--- WORK INSTRUCTIONS ---
Lines from the one containing "Bespoke weatherproof metal" through the last line of the material below: print these exactly, and only these.

SOURCE RECORDS START

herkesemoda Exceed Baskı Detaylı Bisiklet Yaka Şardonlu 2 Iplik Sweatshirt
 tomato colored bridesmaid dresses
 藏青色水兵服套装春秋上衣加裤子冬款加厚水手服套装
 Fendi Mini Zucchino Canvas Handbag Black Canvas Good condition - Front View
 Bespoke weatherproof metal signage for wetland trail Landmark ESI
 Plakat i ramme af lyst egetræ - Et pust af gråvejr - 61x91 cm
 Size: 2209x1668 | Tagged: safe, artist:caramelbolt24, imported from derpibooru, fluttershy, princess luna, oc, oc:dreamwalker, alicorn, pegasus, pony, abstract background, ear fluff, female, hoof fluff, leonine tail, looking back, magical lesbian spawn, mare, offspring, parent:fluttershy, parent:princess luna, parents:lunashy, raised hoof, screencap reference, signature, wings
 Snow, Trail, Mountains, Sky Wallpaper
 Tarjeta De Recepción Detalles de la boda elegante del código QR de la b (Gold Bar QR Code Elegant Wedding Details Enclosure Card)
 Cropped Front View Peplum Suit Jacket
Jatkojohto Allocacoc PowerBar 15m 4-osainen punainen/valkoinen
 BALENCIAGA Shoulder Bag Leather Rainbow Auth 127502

SOURCE RECORDS END

--- RESPONSE TO THE EXERCISE ---
 Bespoke weatherproof metal signage for wetland trail Landmark ESI
 Plakat i ramme af lyst egetræ - Et pust af gråvejr - 61x91 cm
 Size: 2209x1668 | Tagged: safe, artist:caramelbolt24, imported from derpibooru, fluttershy, princess luna, oc, oc:dreamwalker, alicorn, pegasus, pony, abstract background, ear fluff, female, hoof fluff, leonine tail, looking back, magical lesbian spawn, mare, offspring, parent:fluttershy, parent:princess luna, parents:lunashy, raised hoof, screencap reference, signature, wings
 Snow, Trail, Mountains, Sky Wallpaper
 Tarjeta De Recepción Detalles de la boda elegante del código QR de la b (Gold Bar QR Code Elegant Wedding Details Enclosure Card)
 Cropped Front View Peplum Suit Jacket
Jatkojohto Allocacoc PowerBar 15m 4-osainen punainen/valkoinen
 BALENCIAGA Shoulder Bag Leather Rainbow Auth 127502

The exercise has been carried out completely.